* _WHAT NEEDS TO BE DONE_:
Your answer should be every line from the records that contains "Used".

* _Items from a dataset_:
= = = = = = =

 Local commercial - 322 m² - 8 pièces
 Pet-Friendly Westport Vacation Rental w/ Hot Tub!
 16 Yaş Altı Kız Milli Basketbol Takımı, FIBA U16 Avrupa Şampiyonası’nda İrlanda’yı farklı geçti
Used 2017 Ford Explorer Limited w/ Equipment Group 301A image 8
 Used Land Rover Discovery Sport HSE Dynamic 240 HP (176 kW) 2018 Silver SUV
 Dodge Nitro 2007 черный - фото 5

= = = = = = =

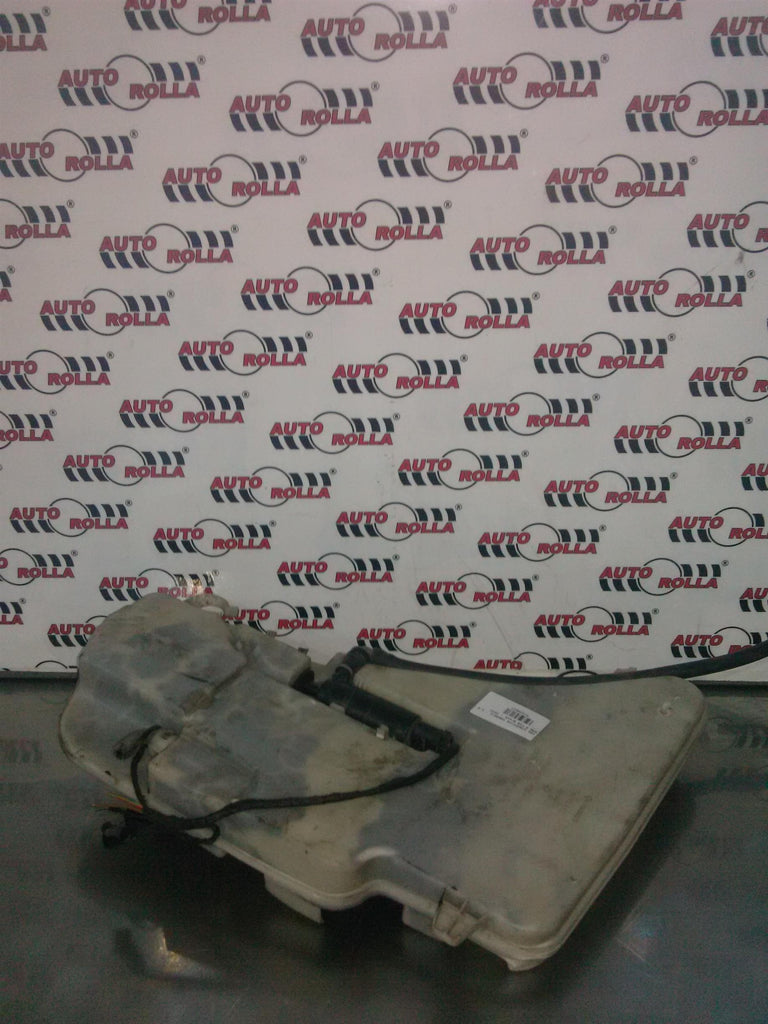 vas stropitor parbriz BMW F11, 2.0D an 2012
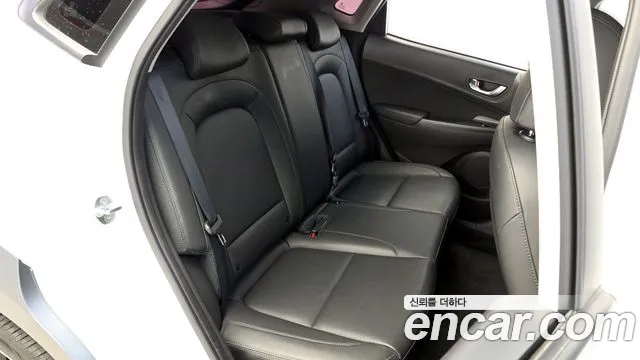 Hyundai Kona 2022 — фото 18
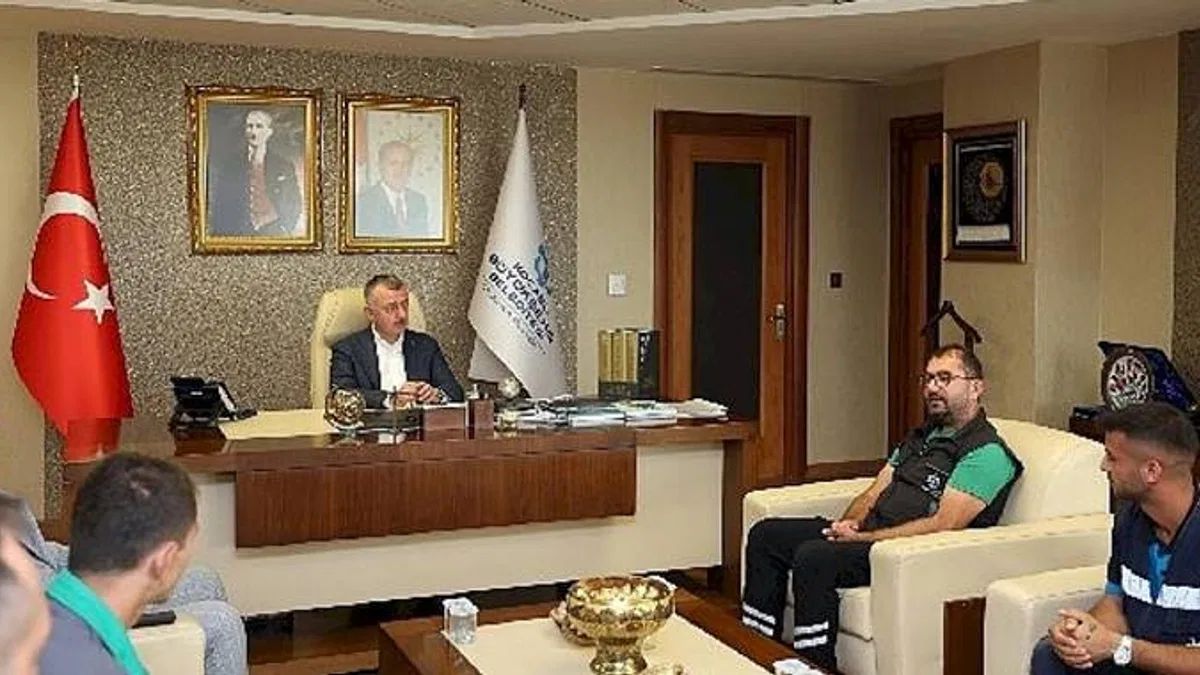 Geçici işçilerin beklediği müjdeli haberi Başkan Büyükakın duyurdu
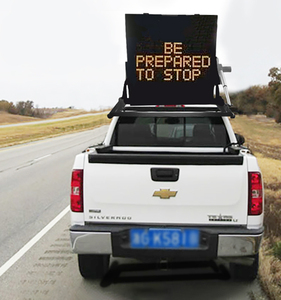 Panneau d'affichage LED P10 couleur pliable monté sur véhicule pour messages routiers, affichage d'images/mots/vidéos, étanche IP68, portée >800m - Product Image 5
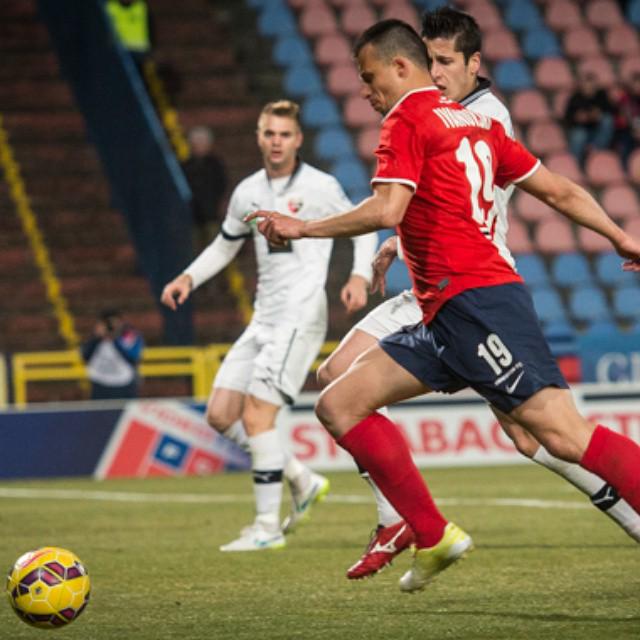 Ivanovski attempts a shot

= = = = = = =

* _TASK RESULT_:
Used 2017 Ford Explorer Limited w/ Equipment Group 301A image 8
 Used Land Rover Discovery Sport HSE Dynamic 240 HP (176 kW) 2018 Silver SUV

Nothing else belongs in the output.